• _Activity_:
Emit a verbatim copy of the lines below from the line with "Lauren German" through the line with "Leather Coco Mark Clutch Bag, White", excluding pictures and everything outside that range.

-- The data follows --

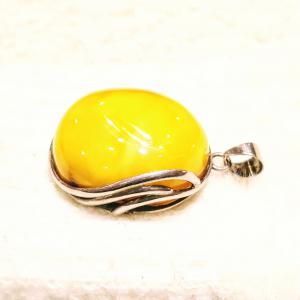 Borostyán medál sárga opak ezüst foglalatban 432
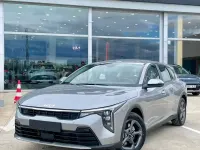 Nuevo Kia K4 150 CV (110 kW) 2026 Gris / plata Berlina
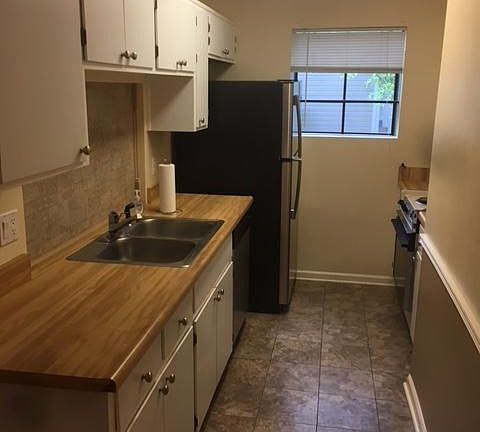 3rd image of 2218 Victory Garden Ln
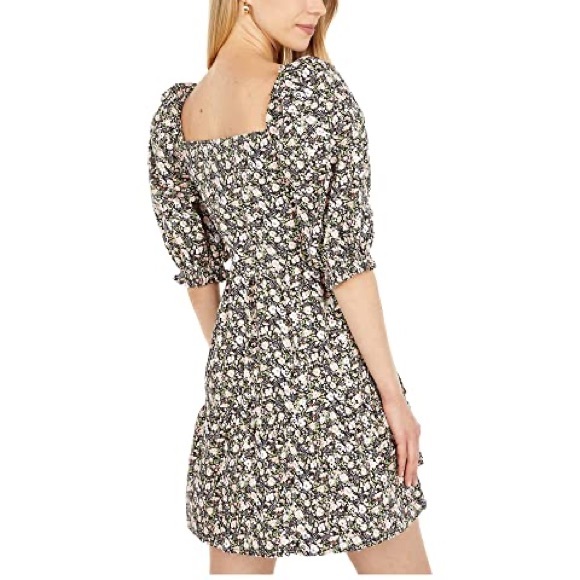 Levi’s - Willa Trapeze Dress - Picture 2 of 4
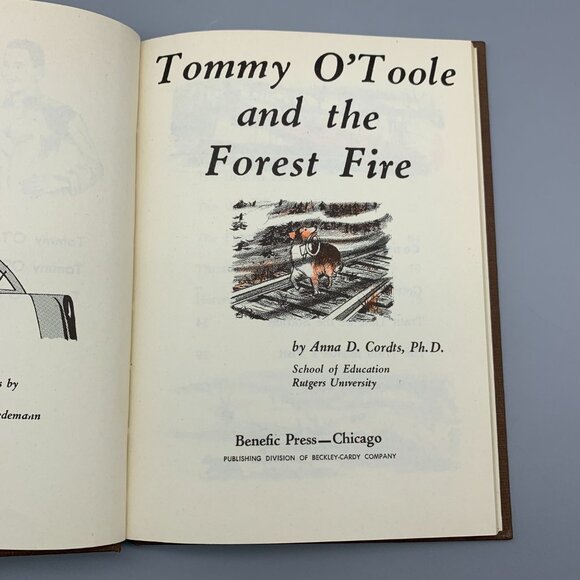 Vintage 1958 Tommy O'Toole and the Forest Fire Childrens Book in Excellent Shape - Picture 7 of 16
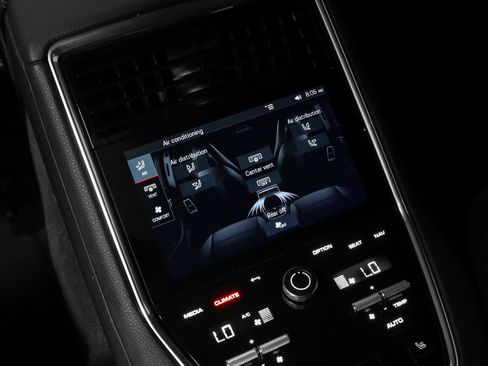 Certified 2023 Porsche Panamera AWD/4WD image 43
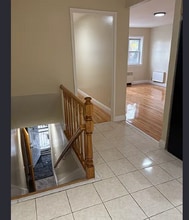 1835 Muliner Ave, Unit 2 in Bronx, NY - Foto de edificio - Building Photo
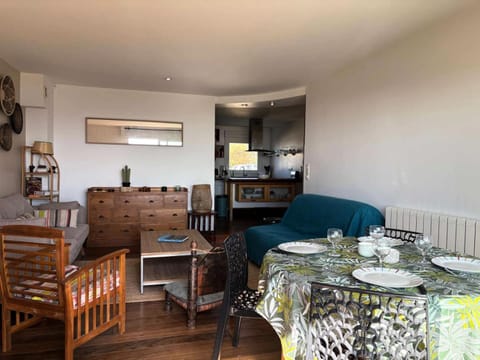 Résidence Les Roches Blanches - Appartement vue mer terrasse et accès à la plage MAE-1101 Apartment in Brittany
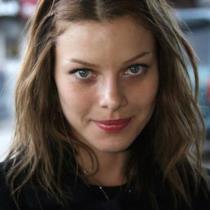 Lauren German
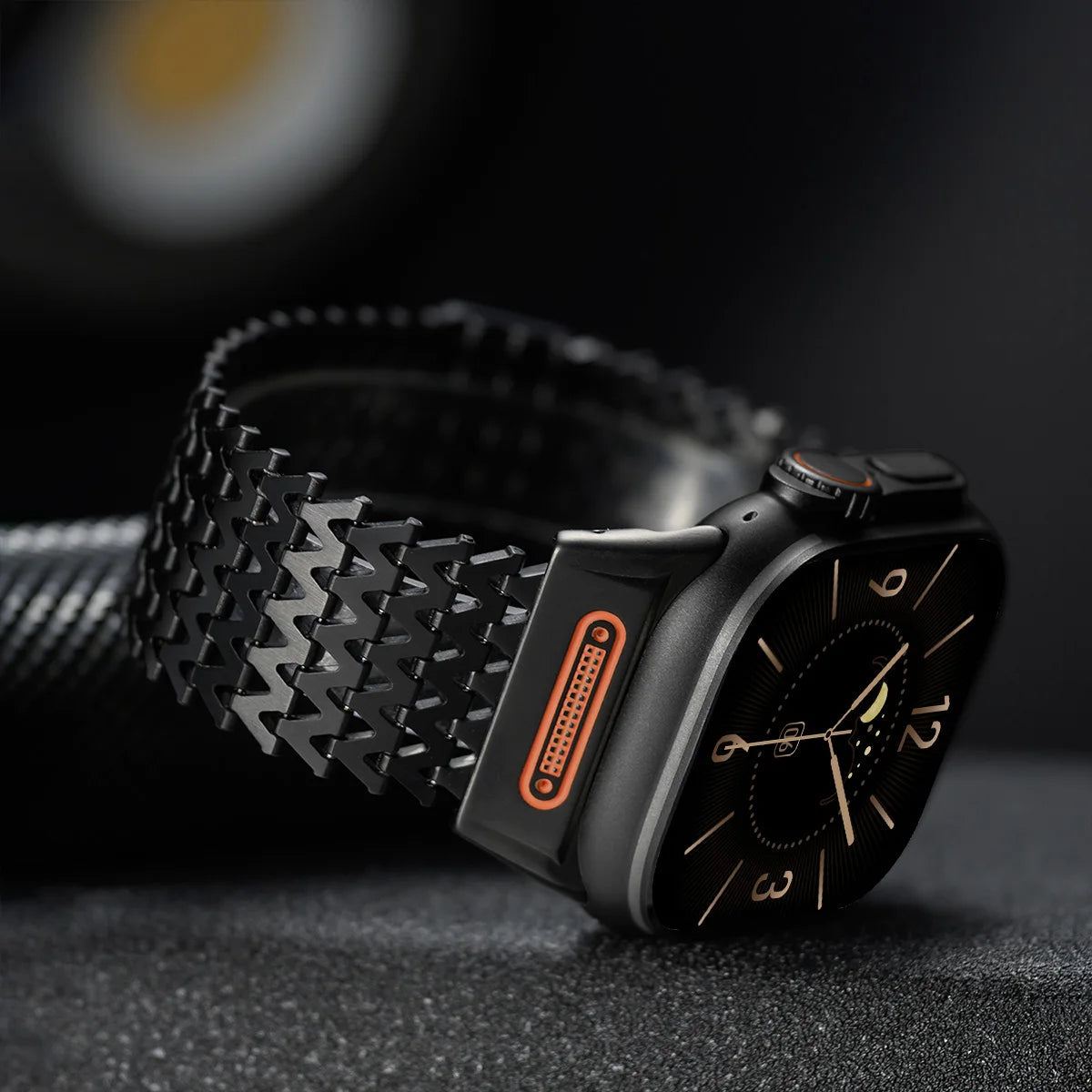 Durable scratch-resistant magnetic stainless steel band, ideal for any smartwatch model.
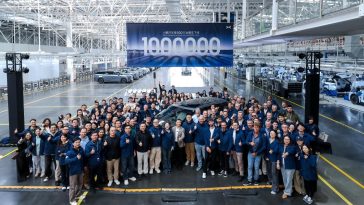 XPeng Celebrates 1 Millionth Vehicle Milestone, Launches X9 Super Range-Extender at Guangzhou Auto Show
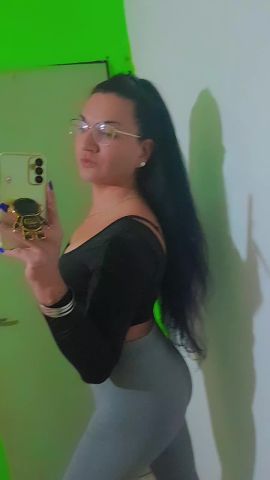Ariana L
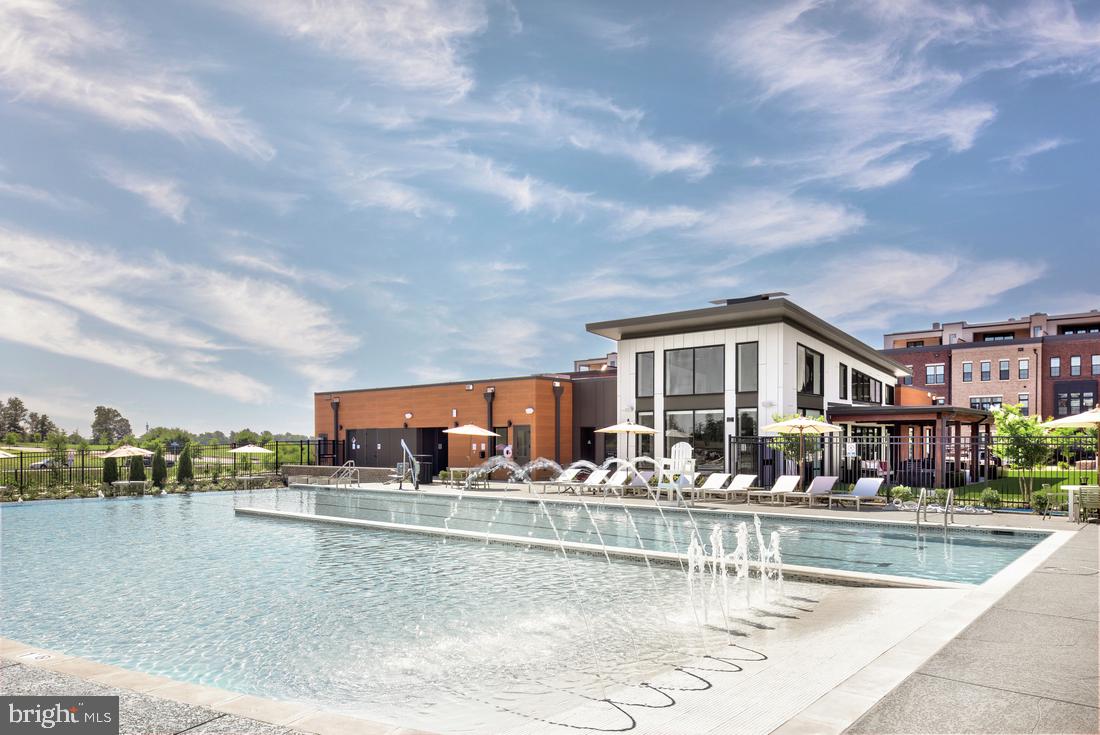 22122 Headwater Ter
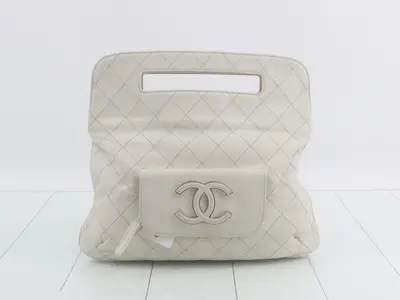 Leather Coco Mark Clutch Bag, White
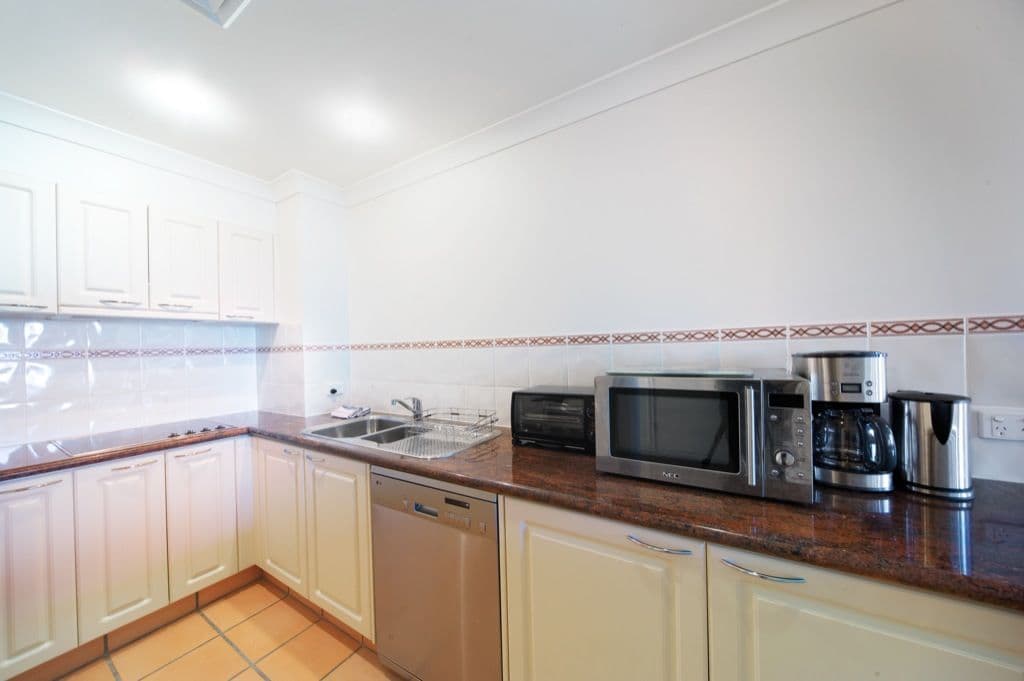 8339 Magnolia Drive East, Hope Island QLD 4212, Hope Island - Thumbnail 6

-- The data concluded --

• _Exercise output_:
 Lauren German
 Durable scratch-resistant magnetic stainless steel band, ideal for any smartwatch model.
 XPeng Celebrates 1 Millionth Vehicle Milestone, Launches X9 Super Range-Extender at Guangzhou Auto Show
Ariana L
 22122 Headwater Ter
 Leather Coco Mark Clutch Bag, White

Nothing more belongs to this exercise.